Negative keywords (over-represented in the reference corpus).

Parameters:

Name Type Description Default
n int | None

Maximum number to return; None returns all.

None

Returns:

Type Description
list[KeynessRow]

Negative-direction rows sorted by effect size, most negative first.

Examples:

>>> from collections import Counter
>>> k = Keyness(Counter({"a": 30, "x": 5}), Counter({"a": 2, "x": 6}))
>>> [r.type for r in k.keywords().negative()]
['x']
Source code in keyflux/keyness/keyness.py
def negative(self, n: int | None = None) -> list[KeynessRow]:
    """Negative keywords (over-represented in the reference corpus).

    Args:
        n: Maximum number to return; None returns all.

    Returns:
        Negative-direction rows sorted by effect size, most negative first.

    Examples:
        >>> from collections import Counter
        >>> k = Keyness(Counter({"a": 30, "x": 5}), Counter({"a": 2, "x": 6}))
        >>> [r.type for r in k.keywords().negative()]
        ['x']
    """
    rows = [r for r in self.rows if r.direction == "negative"]
    rows.sort(key=lambda r: r.effect_size)
    return rows[:n] if n is not None else rows

positive(n=None)

Positive keywords (over-represented in the focus corpus).

Parameters:

Name Type Description Default
n int | None

Maximum number to return; None returns all.

None

Returns:

Type Description
list[KeynessRow]

Positive-direction rows sorted by effect size, largest first.

Examples:

>>> from collections import Counter
>>> k = Keyness(Counter({"a": 30, "x": 5}), Counter({"a": 2, "x": 6}))
>>> [r.type for r in k.keywords().positive()]
['a']
Source code in keyflux/keyness/keyness.py
def positive(self, n: int | None = None) -> list[KeynessRow]:
    """Positive keywords (over-represented in the focus corpus).

    Args:
        n: Maximum number to return; None returns all.

    Returns:
        Positive-direction rows sorted by effect size, largest first.

    Examples:
        >>> from collections import Counter
        >>> k = Keyness(Counter({"a": 30, "x": 5}), Counter({"a": 2, "x": 6}))
        >>> [r.type for r in k.keywords().positive()]
        ['a']
    """
    rows = [r for r in self.rows if r.direction == "positive"]
    rows.sort(key=lambda r: r.effect_size, reverse=True)
    return rows[:n] if n is not None else rows

keyflux.keyness.keyness.KeynessRow dataclass

One type's keyness statistics.

Attributes:

Name Type Description
type str

The word type.

focus_count int

Raw frequency in the focus corpus C.

reference_count int

Raw frequency in the reference corpus R.

focus_rf float

Relative frequency in C, per million tokens.

reference_rf float

Relative frequency in R, per million tokens.

score float

Value of the chosen keyness measure (the sortable headline).

effect_size float

Log ratio (log2), always computed regardless of measure.

significance Significance

Band from the log-likelihood: ns / p05 / p01 / p001 / p0001.

statistic float

The log-likelihood magnitude behind significance.

direction Direction

positive / negative / neutral, from the relative frequencies.

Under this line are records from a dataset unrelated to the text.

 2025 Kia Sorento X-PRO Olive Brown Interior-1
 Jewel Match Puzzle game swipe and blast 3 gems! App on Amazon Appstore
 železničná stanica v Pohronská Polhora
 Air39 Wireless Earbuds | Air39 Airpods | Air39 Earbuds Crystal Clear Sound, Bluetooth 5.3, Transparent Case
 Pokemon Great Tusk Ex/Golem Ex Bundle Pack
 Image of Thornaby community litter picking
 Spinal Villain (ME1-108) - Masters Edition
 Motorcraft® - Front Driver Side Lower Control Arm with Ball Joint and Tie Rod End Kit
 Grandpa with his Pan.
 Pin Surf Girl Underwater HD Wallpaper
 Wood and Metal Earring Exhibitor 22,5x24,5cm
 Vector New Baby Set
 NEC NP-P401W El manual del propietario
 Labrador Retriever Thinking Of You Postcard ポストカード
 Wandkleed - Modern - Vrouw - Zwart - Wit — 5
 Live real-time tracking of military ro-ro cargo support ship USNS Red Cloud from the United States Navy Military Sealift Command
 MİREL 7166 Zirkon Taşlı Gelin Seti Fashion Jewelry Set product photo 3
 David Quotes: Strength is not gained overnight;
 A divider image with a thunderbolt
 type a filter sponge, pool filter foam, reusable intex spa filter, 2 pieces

Source code in keyflux/keyness/keyness.py
@dataclass(frozen=True, slots=True)
class KeynessRow:
    """One type's keyness statistics.

    Attributes:
        type: The word type.
        focus_count: Raw frequency in the focus corpus C.
        reference_count: Raw frequency in the reference corpus R.
        focus_rf: Relative frequency in C, per million tokens.
        reference_rf: Relative frequency in R, per million tokens.
        score: Value of the chosen keyness ``measure`` (the sortable headline).
        effect_size: Log ratio (log2), always computed regardless of ``measure``.
        significance: Band from the log-likelihood: ns / p05 / p01 / p001 / p0001.
        statistic: The log-likelihood magnitude behind ``significance``.
        direction: positive / negative / neutral, from the relative frequencies.
    """

    type: str
    focus_count: int
    reference_count: int
    focus_rf: float
    reference_rf: float
    score: float
    effect_size: float
    significance: Significance
    statistic: float
    direction: Direction

keyflux.keyness.keyness.ReproRecord dataclass

Reproducibility record for one keyness run.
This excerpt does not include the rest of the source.